Neural-FEBI: Accurate Function Identification in Ethereum Virtual Machine Bytecode

Millions of smart contracts have been deployed onto the Ethereum platform, posing potential attack subjects. Therefore, analyzing contract binaries is vital since their sources are unavailable, involving identification comprising function entry identification and detecting its boundaries. Such boundaries are critical to many smart contract applications, e.g. reverse engineering and profiling. Unfortunately, it is challenging to identify functions from these stripped contract binaries due to the lack of internal function call statements and the compiler-inducing instruction reshuffling.
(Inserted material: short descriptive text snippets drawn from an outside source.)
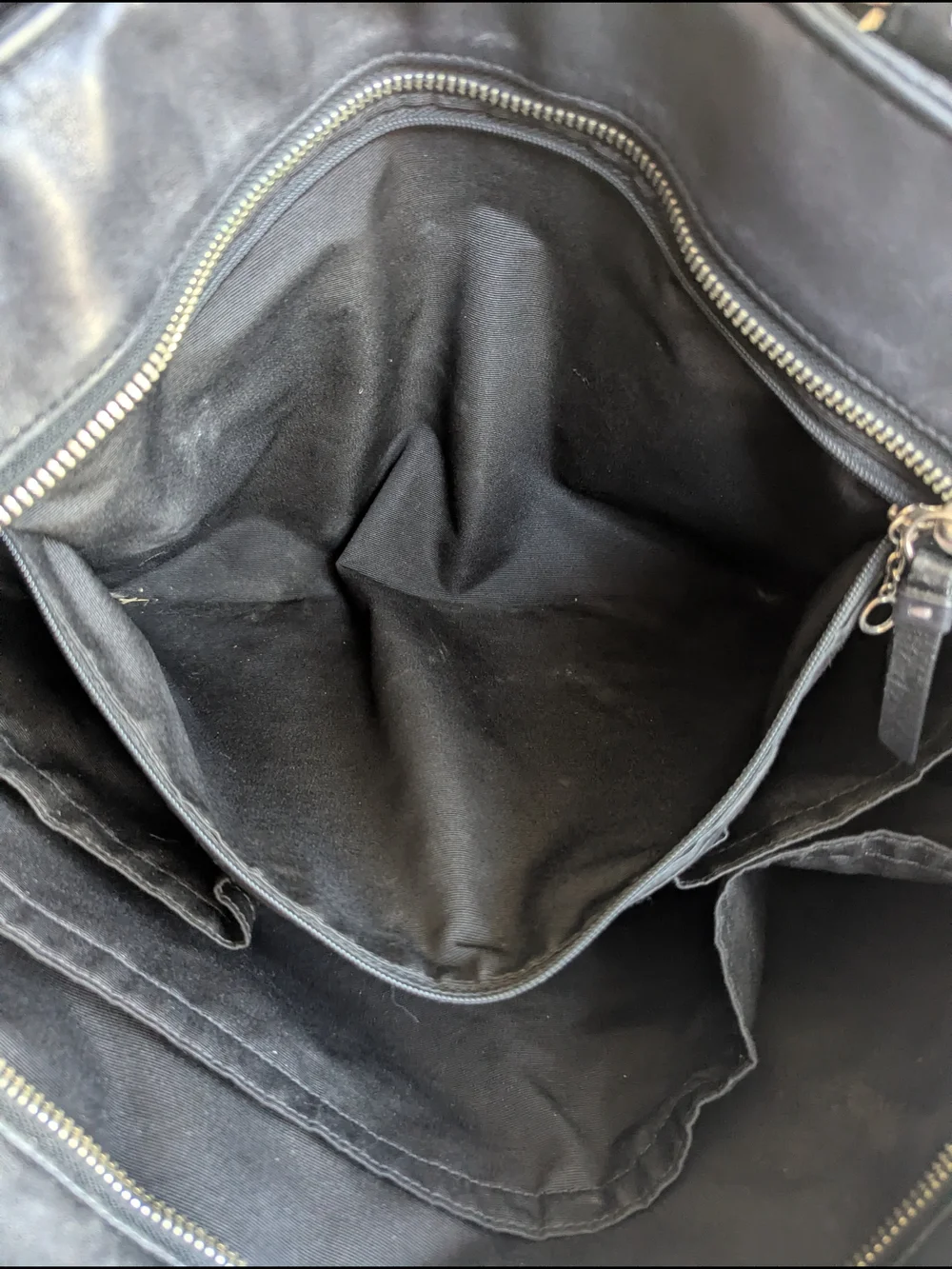 Coach Black Leather Shoulder Bag with Interior Logo Patch
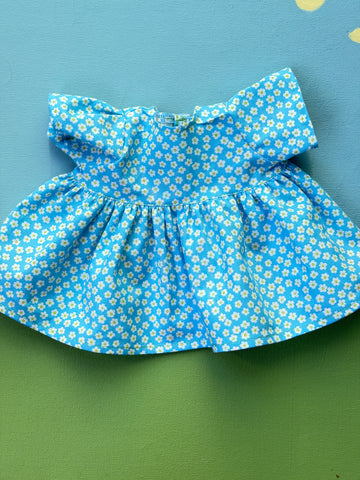 Classic/Sitting Friend Dress Blue Daisy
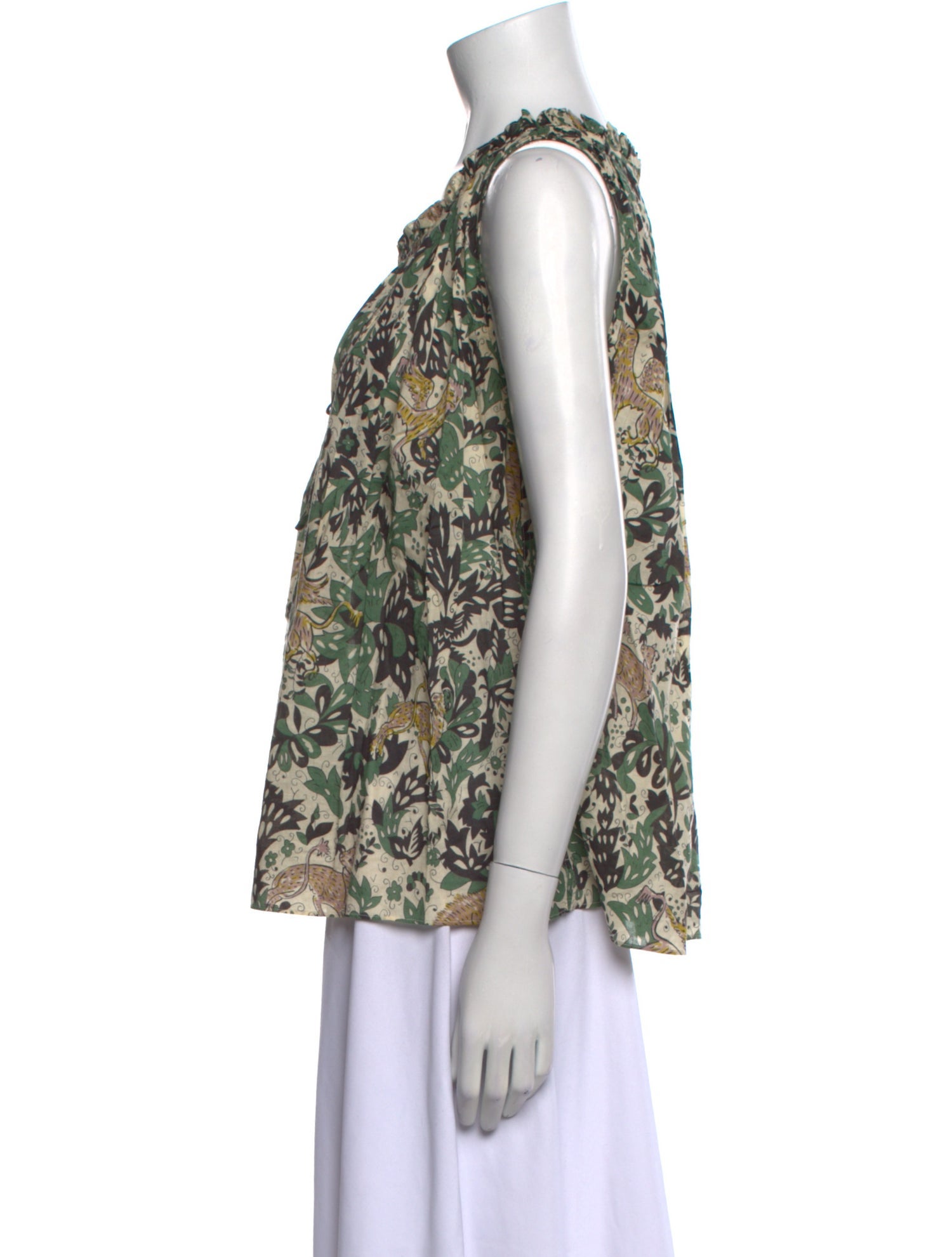 Burberry Printed Scoop Neck Top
Recently, several existing works excessively relied on a set of handcrafted heuristic rules which impose several faults. To address this issue, we propose a novel neural network-based framework for EVM bytecode Function Entries and Boundaries Identification (neural-FEBI) that does not rely on a fixed set of handcrafted rules. Instead, it used a two-level bi-Long Short-Term Memory network and a Conditional Random Field network to locate the function entries. The suggested framework also devises a control flow traversal algorithm to determine the code segments reachable from the function entry as its boundary. Several experiments on 38,996 publicly available smart contracts collected as binary demonstrate that neural-FEBI confirms the lowest and highest F1-scores for the function entries identification task across different datasets of 88.3 to 99.7, respectively. Its performance on the function boundary identification task is also increased from 79.4% to 97.1% compared with state-of-the-art. We further demonstrate that the identified function information can be used to construct more accurate intra-procedural CFGs and call graphs. The experimental results confirm that the proposed framework significantly outperforms state-of-the-art, often based on handcrafted heuristic rules.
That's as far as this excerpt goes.